Lizbeth
Well-Known Member
I gather that Andrew Murray stops short of teaching the second blessing as a doctrine, but as a reality and experience that some believers will go on to experience. This is like a testimony of someone I know on another forum, who has testified of something similar, but who doesn't teach it as a doctrine, only as a testimony.Like he admits it not scriptural.
Its really simple. Believers obey , submit to the Lord, humble themselves and follow His commands or they serve themselves and their will by sinning against God. A disciple as Jesus taught is one who denies themselves, takes up their cross daily( die to self,live for Him) and follows Him. When we walk humbly before our God then He will live in and through us to do His will. The fruit of the spirit will be evident and others will see the love of Christ working in and through us. All men will know you are My disciples by your love for one another. 1 Cor 13 outlines what that looks like. The real question is are we submitting our wills to His will daily and living for Him. Even Jesus submitted His will to the Father will. Nevertheless not My will be done but Your will be done. Jesus submitted His will unto death to the Fathers will as did the Apostles as martyrs who drank the same cup as Jesus who promised them they would drink. The cup of suffering, persecution and martyrdom.
In Matthew 26:39, Jesus says, "If it be your will, let this cup pass from me." Jesus tells us precisely what the cup was. It was the cup of his suffering, which meant that He would die an agonizing death as a martyr. In the passage below, Jesus told His disciples that they would also drink of the same "cup":
Matthew 20:17-
Now Jesus was going up to Jerusalem. On the way, he took the Twelve aside and said to them, 18 “We are going up to Jerusalem, and the Son of Man will be delivered over to the chief priests and the teachers of the law. They will condemn him to death 19 and will hand him over to the Gentiles to be mocked and flogged and crucified. On the third day he will be raised to life!”20 Then the mother of Zebedee’s sons came to Jesus with her sons and, kneeling down, asked a favor of him. 21 “What is it you want?” he asked. She said, "Grant that one of these two sons of mine may sit at your right and the other at your left in your kingdom."22 “You don’t know what you are asking,” Jesus said to them. “Can you drink the cup I am going to drink?” “We can,” they answered. 23 Jesus said to them, “You will indeed drink from my cup, but to sit at my right or left is not for me to grant. These places belong to those for whom they have been prepared by my Father.”

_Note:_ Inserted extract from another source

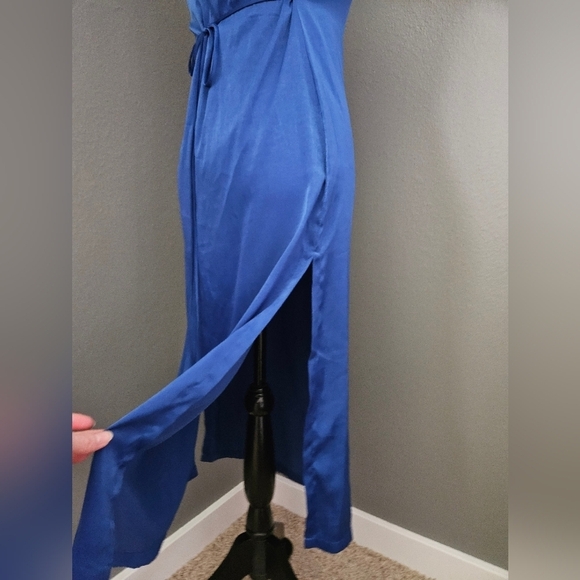 Urban Outfitters Blue Silky Maxi Dress With Side Slit - small - Picture 4 of 13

I can tell you that I've wondered for a long time about the Israelites needing to cross the Jordan river, a second body of water after the Red Sea crossing, in order to enter the land of promise. Consecrated and "circumcised a second time". I think that is not something to take lightly as an example and allegory to the church, since the waters were at flood stage and God stopped the flow of water all the way back to a town called "Adam", if we can see what is implied there in an allegory. I've also realized for a long time that my efforts to serve the Lord have been mixed with fleshly self-effort and often fall short. We also have a pattern in the life of Moses, I believe, how he began his walk with stumbling (how I see myself as often stumbling and bumbling in trying to serve God), and then needing a wilderness experience to die to himself, to his flesh, before he was truly ready to fulfill his calling.
What also is interesting in the parable of the talents....everyone is not equal but are given their own measure of grace and faith in the beginning.....but it appears we are expected to double (x2 ) whatever our initial measure was.